┏━━

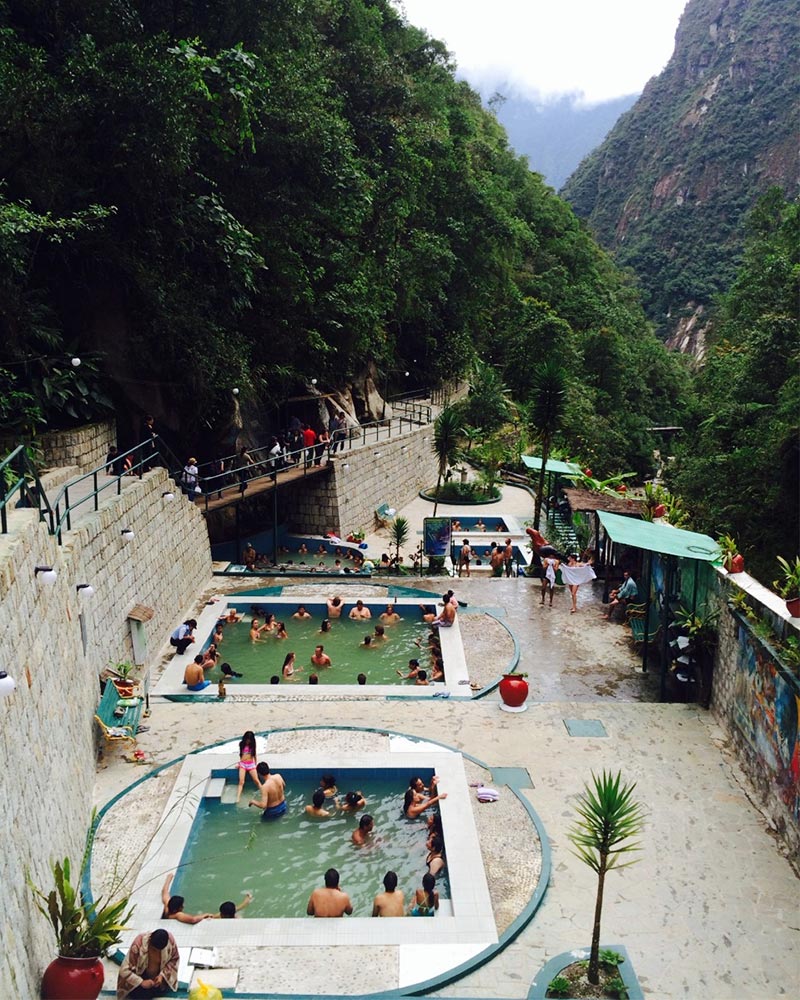 Vista aérea das águas termais em Machu Picchu Pueblo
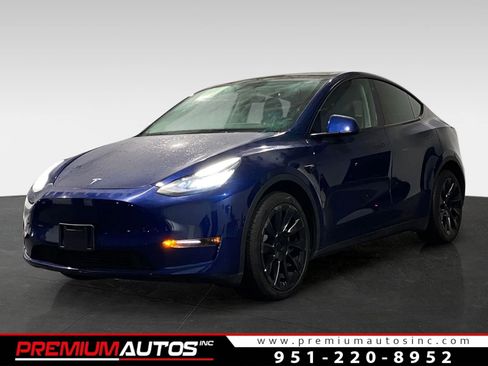 Used 2022 Tesla Model Y Long Range image 1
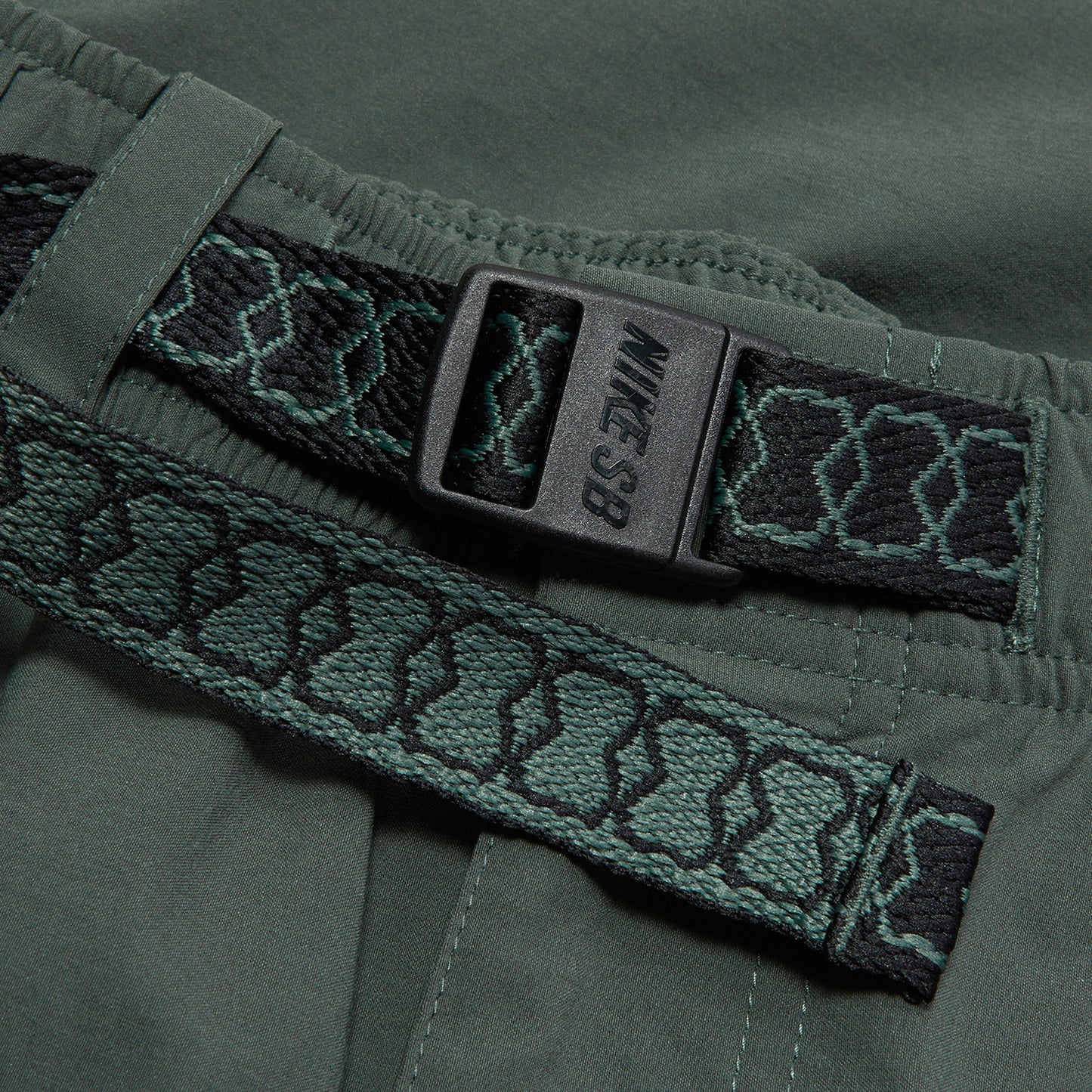 Nike SB Kearny Cargo Skate Pants (Vintage Green/White)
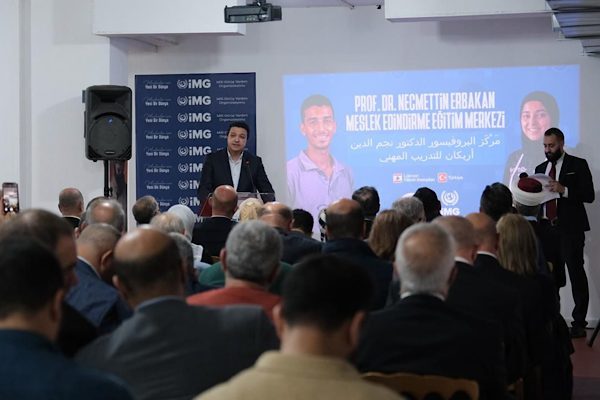 Arıkan, Uluslararası Milli G&ouml;r&uuml;ş Organizasyonu (İMG) tarafından y&uuml;r&uuml;t&uuml;len &ldquo;Yaşama Tutun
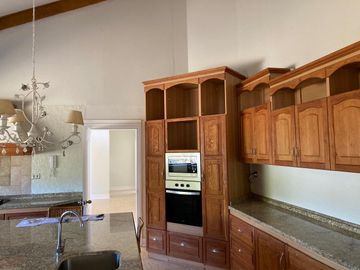 HERMOSA CASA EN ARRIENDO SECTOR CHAMONATE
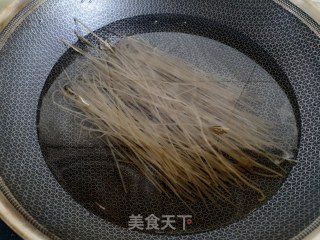 白菜帮子别再扔了，用它包白菜粉条肉包子，口感鲜嫩，美味好吃。的做法步骤：3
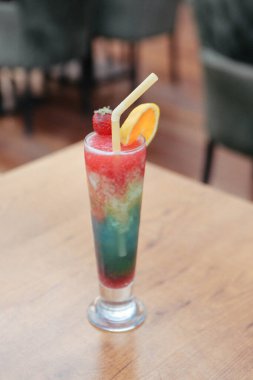 Lokantadaki masada alkol kokteyli.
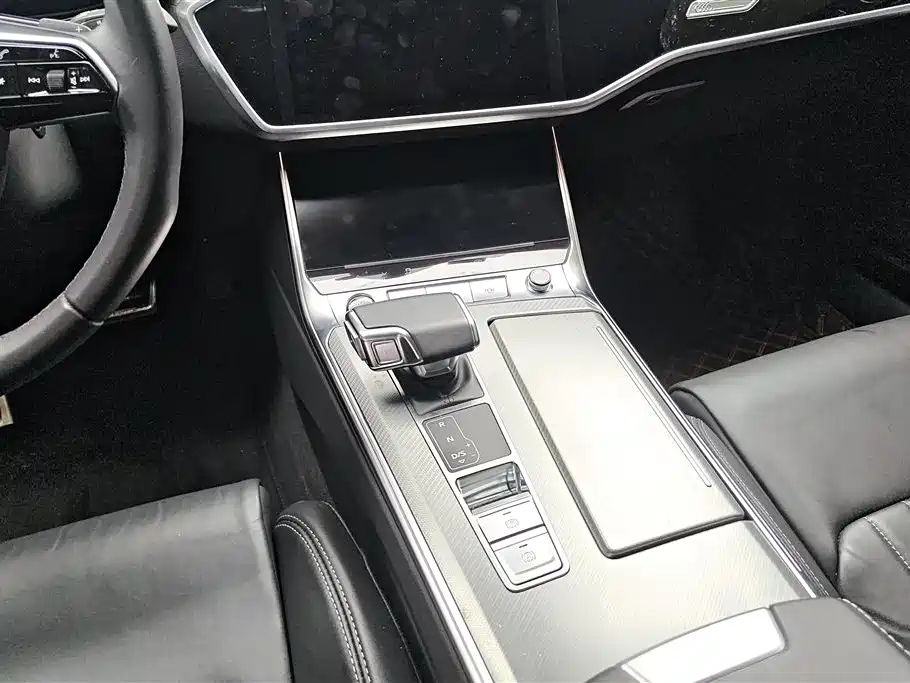 Audi A6L 2023 Facelift 40 TFSI Luxury Elegance фото 16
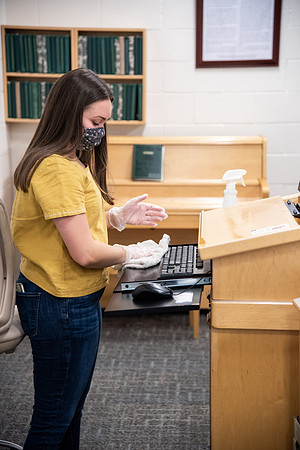 Students sanitizing Oct 2020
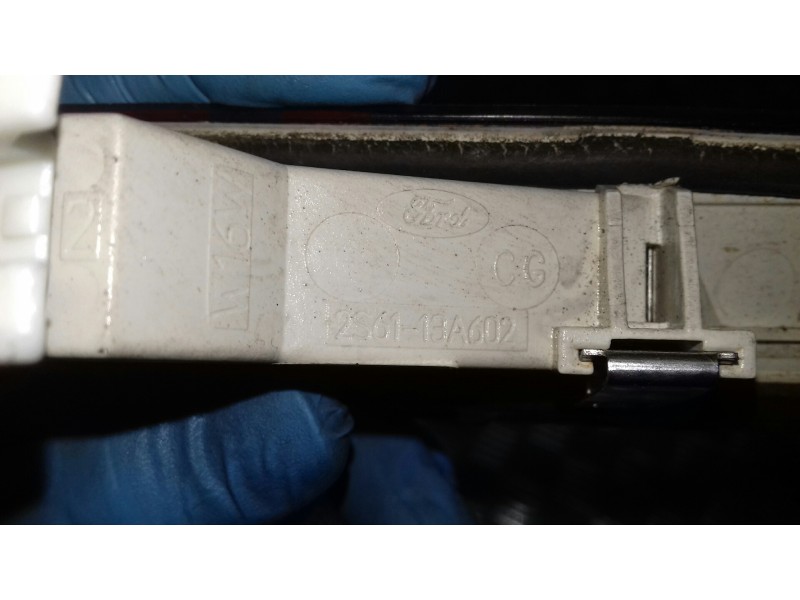 Recambio de luz central de freno para ford fiesta (cbk) referencia OEM IAM 2S6113A602  CONECTOR 2 PINES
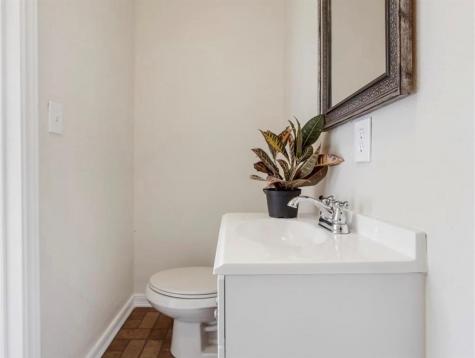 5907 Wedgefield Street Houston TX 77028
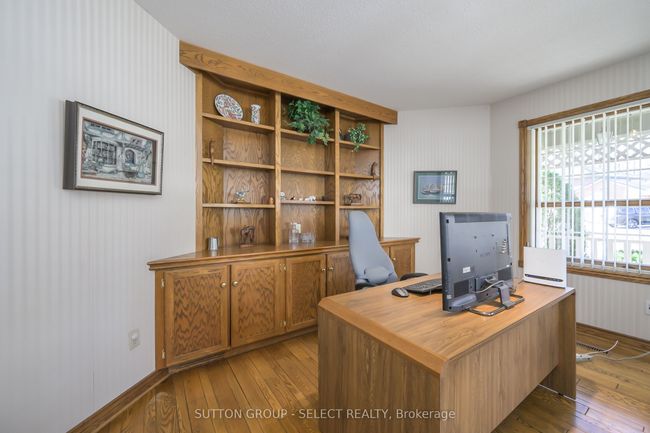 59 Heathdale Crt, House other with 4 bedrooms, 3 bathrooms and 3 parking in London ON | Image 17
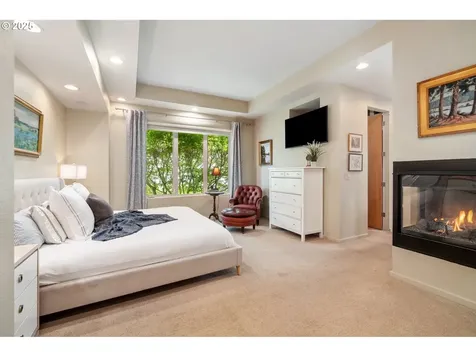 840 NW Deerfern Loop Camas WA 98607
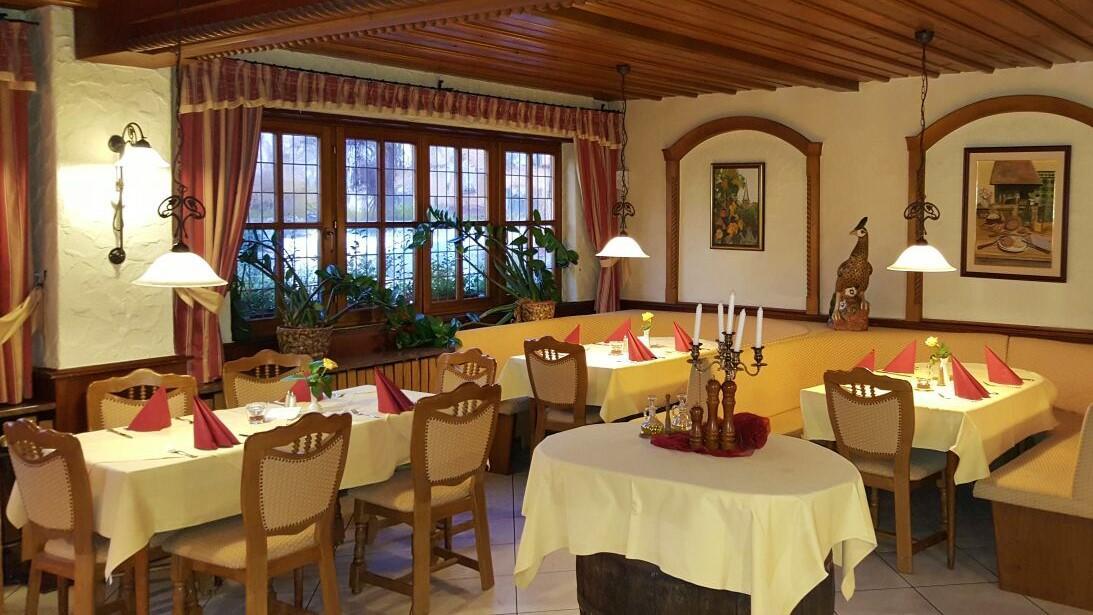 Winzergarten Hotel-Restaurant Grosskarlbach Bagian luar foto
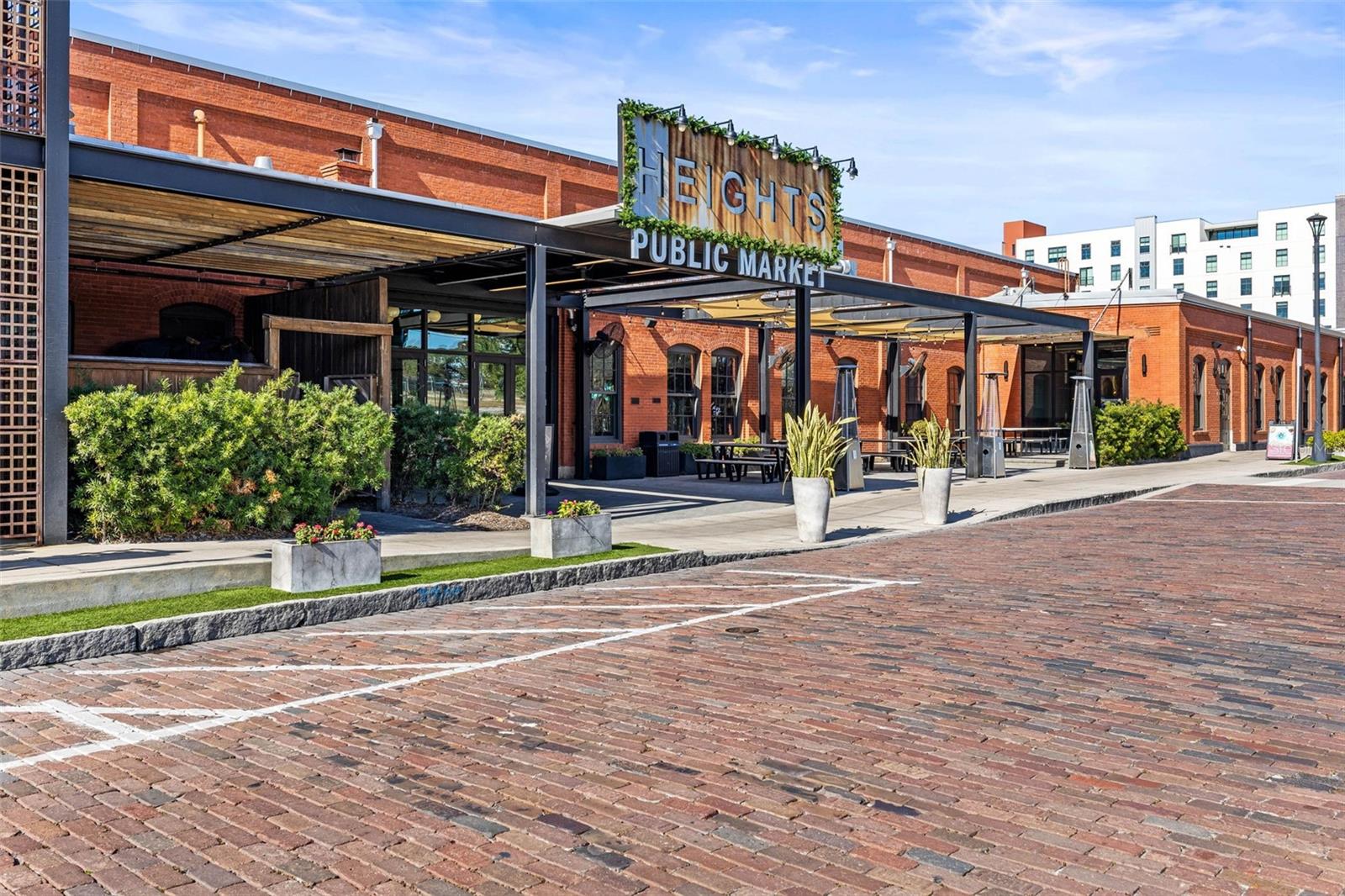 4HA | RIVERSIDE NORTH - Residential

┗━━

*Goal of the exercise*.
Give back, word for word, the lines from the one with "HERMOSA CASA EN ARRIENDO SECTOR CHAMONATE" to the end of the records above, and no pictures.

*Answer for this exercise*.
 HERMOSA CASA EN ARRIENDO SECTOR CHAMONATE
 白菜帮子别再扔了，用它包白菜粉条肉包子，口感鲜嫩，美味好吃。的做法步骤：3
 Lokantadaki masada alkol kokteyli.
 Audi A6L 2023 Facelift 40 TFSI Luxury Elegance фото 16
 Students sanitizing Oct 2020
 Recambio de luz central de freno para ford fiesta (cbk) referencia OEM IAM 2S6113A602  CONECTOR 2 PINES
 5907 Wedgefield Street Houston TX 77028
 59 Heathdale Crt, House other with 4 bedrooms, 3 bathrooms and 3 parking in London ON | Image 17
 840 NW Deerfern Loop Camas WA 98607
 Winzergarten Hotel-Restaurant Grosskarlbach Bagian luar foto
 4HA | RIVERSIDE NORTH - Residential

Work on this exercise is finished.